Climate Change: Simply Explained

McKenna Johnson, Reporter

A change in global and regional climate patterns, in particular a change apparent from the mid to late 20th century onwards and attributed largely to the increased levels of atmospheric carbon dioxide produced by the use of fossil fuels.

Ask google for the definition of climate change, and this is what you’ll get.

As of October 9th, we have experienced 14 hurricanes since the 2018 Atlantic Hurricane Season started. This year, Hurricane Season runs from June 1st through November 20th, and has so far contained hurricanes between Category 1 and Category 4.

How do tropical storms correlate to climate change? First, it is important to obtain a decent background knowledge as to what climate change is, going beyond the definition provided by google.

“The earth’s atmospheres and the earth’s oceans are warming, and it seems insignificant, as far as the mound of temperature change, but our atmosphere is kind of this sweet spot, really, and humans are actually sort of delicate, and lots of other creatures are delicate as well, and wouldn’t be able to handle the tremendous change in temperature.”

This is what Charlene Becerra, a Boise High chemistry and forensics teacher, had to say when asked to simplify climate change and why its effects matter and shouldn’t be easily dismissed

It is also important to remember that climate change is different than weather. “Climate is really more of the range of weather you can expect this season.”

As the industrial revolution kicked into high gear, the warming trend of our climate since 20,000 BCE began to speed up rapidly. Air planes, world wars, nuclear weapons and most notably emissions have accelerated our earth’s warming pattern at an alarming rate.

Now, as for how this trend effects tropical storms. There is much uncertainty surrounding this topic. Because sea surface temperatures are so sensitive, warmer sea surface temperatures caused by climate change can accelerate a tropical storms wind speed.

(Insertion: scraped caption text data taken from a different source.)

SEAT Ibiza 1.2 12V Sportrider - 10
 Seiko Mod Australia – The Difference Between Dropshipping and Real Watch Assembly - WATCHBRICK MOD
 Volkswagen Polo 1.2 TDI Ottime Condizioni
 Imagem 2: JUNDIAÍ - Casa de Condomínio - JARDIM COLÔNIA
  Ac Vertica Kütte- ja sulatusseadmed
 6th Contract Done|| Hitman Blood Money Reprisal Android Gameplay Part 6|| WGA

With sea levels projected to rise 1 to 4 feet in the next century, coastal storms will become more damaging.  “One of the things we worry about most is the oceans warming up, because the oceans have a very high specific heat and that means that they can absorb a lot of energy without raising the temperature much,” says Becerra.

This means that we worry as oceans temperature rises because it suggests a tremendous amount of energy is being absorbed. Overall, because of the increased sea surface temperatures, hurricane and tropical storm frequency has increased, an indirect result of climate change.

Whether we like it or not, climate change is happening and it is happening fast.

For proof, we need not look further than Hurricane Michael and Florence, who both started as a tropical storm and strengthened into Category 4 hurricanes.

We need to act on this issue as a society before our emission projection gets out of control and those seemingly far away coastal storms start leading to more inland consequences.